Design

This section contains the design of the data path, the control unit, and other elements of the CPU.

The intention is to create a simple single-cycle design that conforms to the specification outlined above. References for the design include:

  • "2018 Patterson and Hennessy - Computer organisation and design: the hardware software interface (RISC-V edition)", which provides an introduction to single-cycle RISC-V CPU design in chapter 4

  • "2015 Li - Computer principles and design in verilog HDL", which provides a survey of practical techniques for programming general RISC CPUs in Verilog.

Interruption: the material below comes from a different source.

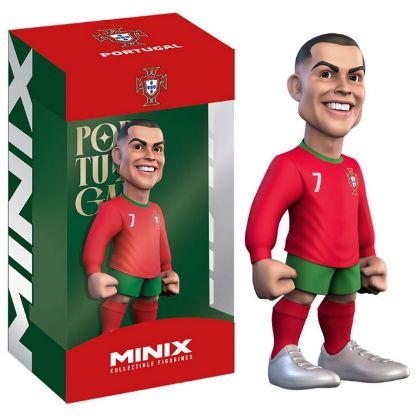 Immagine di MINIX FOOTBALL STARS - PORTUGAL - CRISTIANO RONALDO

The design is intended for synthesis on Xilinx FPGAs. As a result, some design decisions are motivated by guidance in, e.g., Xilinx ultrafast design methodology.

Design Summary

The two main components of this single-cycle design are the data path and the control path:

  • The data path is responsible for the bulk of the calculations in each instruction cycle, and also stores the state of the processor (all the registers and memory). The data path is a sequential module, with all registers and memory updated on the rising clock edge. The data path will support all the RV32I and Zicsr instructions outlined in the specification, and has its behaviour controlled by a set of inputs from the control unit. It has the following interface:

    • Inputs: clock, control lines from the control unit (including exception information)

    • Outputs: fetched instruction, flags for when an instruction raises an exception

  • The control unit is a purely combinational module which takes a fetched instruction and decodes it into control lines for the data path. In addition, it reads any exception flags raised by the data path and modifies the control lines to trap the exception if necessary. It has the following interface:

    • Inputs: fetched instruction from the data path, exception flags from the data path

    • Outputs: the control lines for the data path.

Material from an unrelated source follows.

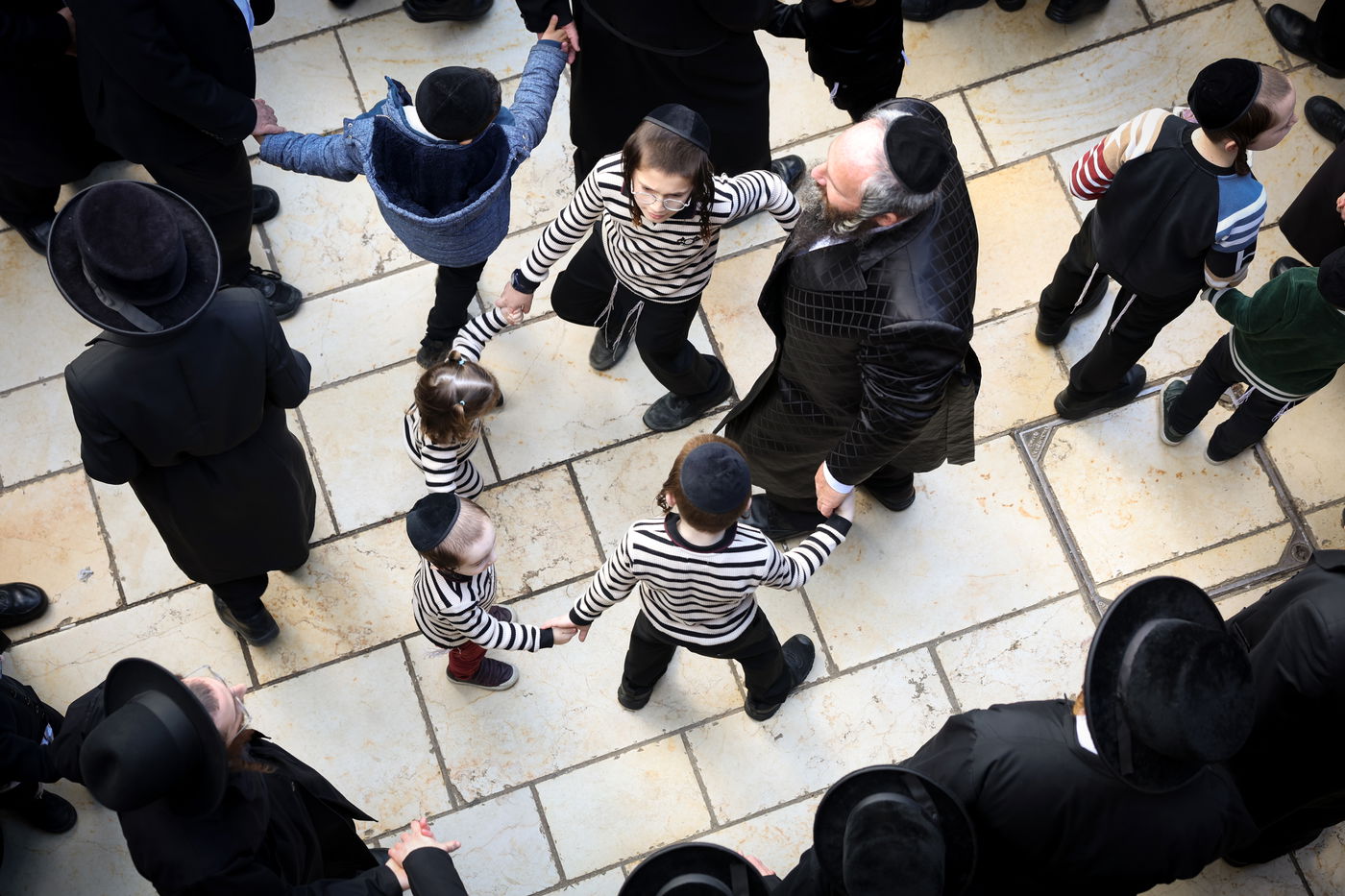ז' באדר בציון הרשב"י במירון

In the normal execution of an instruction which does not raise an exception and is not interrupted, the order of operations is as follows:

  1. The data path combinationally fetches an instruction (based on the program counter which is a register in the data path)

  2. The fetched instruction is an input to the control unit, which combinationally decodes the instruction and configures the data path control lines

  3. The computations involved in executing the instruction in the data path are all combinational, so the result of the computation stabilises at the write inputs to all the registers and memory

  4. On the next rising clock edge, the results of the instruction are loaded into registers and memory in the data path

In an instruction that raises an exception, the order of operations is as follows:

  1. The data path combinationally fetches an instruction (based on the program counter which is a register in the data path)

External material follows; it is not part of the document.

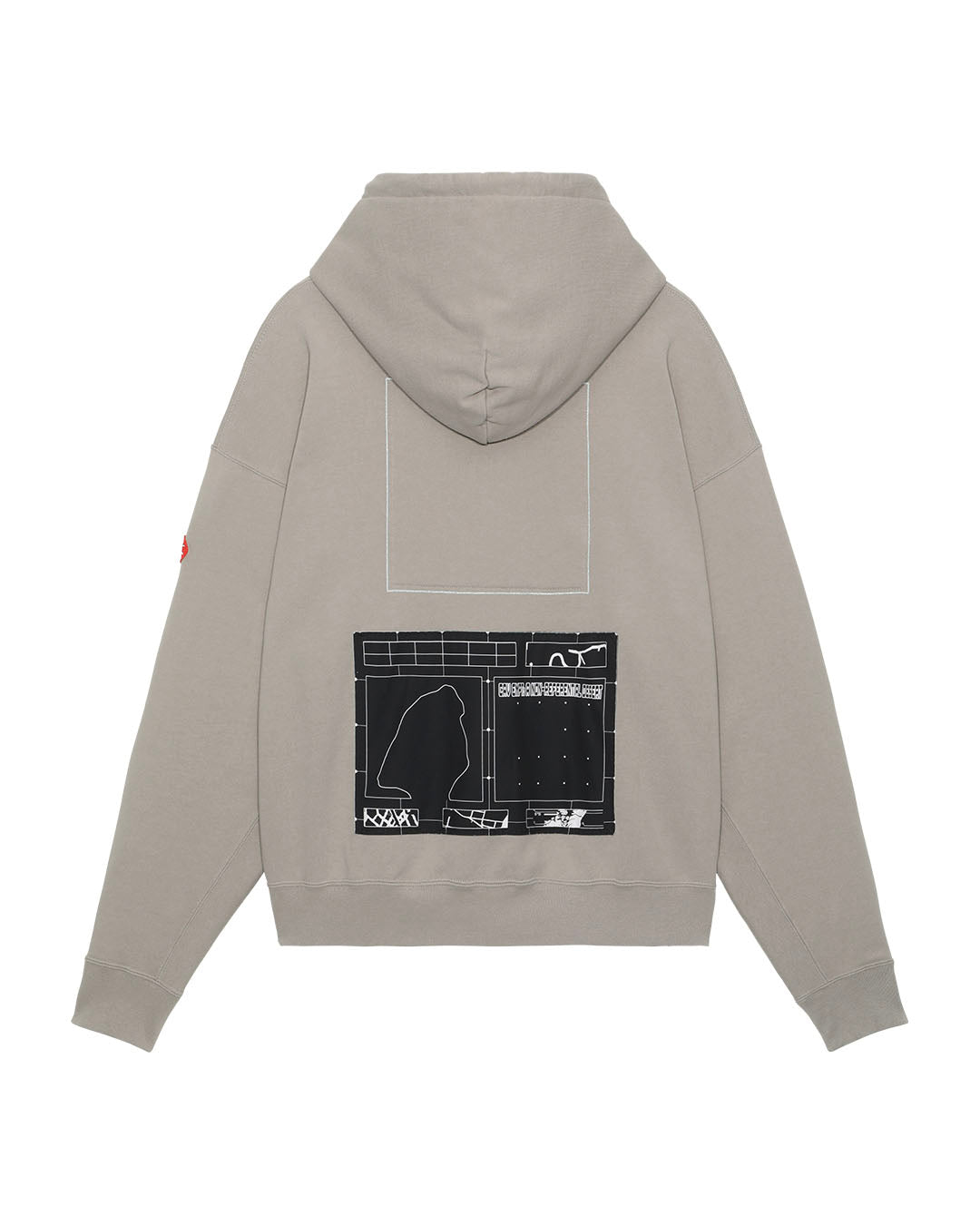 【C.E】STRICT EQUIVALENT TO HOODY - GREY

  2. The fetched instruction is an input to the control unit, which combinationally decodes the instruction and configures the data path control lines

  3. The computations involved in executing the instruction load to an exception flag being raised (an output from the data path)

  4. The control unit reads the exception flag, and sets control lines to raise an exception trap. In doing so, none of the control lines that caused the exception to be raised are modified (otherwise the exception flag would not persist; this requirement is due to having an all-combinational computation). However, all lines that involves writes to integer registers, data memory, or CSRs should be de-asserted so that the instruction raising the exception does not complete

  5. On the next rising clock edge, the CPU state is modified so as to raise the exception (program counter set to exception vector, CSRs modified, etc.)

Interrupts are always handled "first", before executing an instruction. An interrupt is handled as follows:

  1. The data path checks interrupt conditions in parallel with fetching the instruction, and sets an interrupt flag (output) if an interrupt is pending

  2. The control unit reads the interrupt flag, and sets control lines to raise an interrupt trap, instead of decoding the instruction.

  3. On the next rising clock edge, the CPU state is modified so as to raise the interrupt (program counter set to interrupt vector, CSRs modified, etc.)

Data Path

Main ALU

The design will use a single ALU, which must support computational instructions, address calculations, and comparisons for branch operations. The structure of the RISC-V instructions means that it is possible to consistently route operands to the same input ports of the ALU. The computations required by the RV32I instructions are given below:

  • rs1_data OP rs2_data, for register-register and conditional branch instructions

  • rs1_data OP imm, for register-immediate, load/store, and jalr instructions

  • pc + imm, for jal and auipc

  • 0 + imm, for lui (could also bypass the ALU)

The jalr instruction also requires masking the ALU result using 0xffff_fffe before writing to rd. This is dealt with outside the ALU module.

The main ALU module will take the 32-bit immediate imm from an external immediate generation module, which is assumed to supply the correct immediate for the instruction type.

For Zicsr instructions, the following operands are required:

  • rs1_data OR csr_rdata for csrrs

  • imm OR csr_rdata for csrrsi

  • !rs1_data AND csr_rdata for csrrc

  • { 27{1’b1}, !imm[4:0] } AND csr_rdata for csrrci

The bitwise negation of the imm instruction only applies to the bottom 5 bits (uimm in CSR instructions); otherwise, csrrci could inadvertently clear high bits of the CSR (above bit 4).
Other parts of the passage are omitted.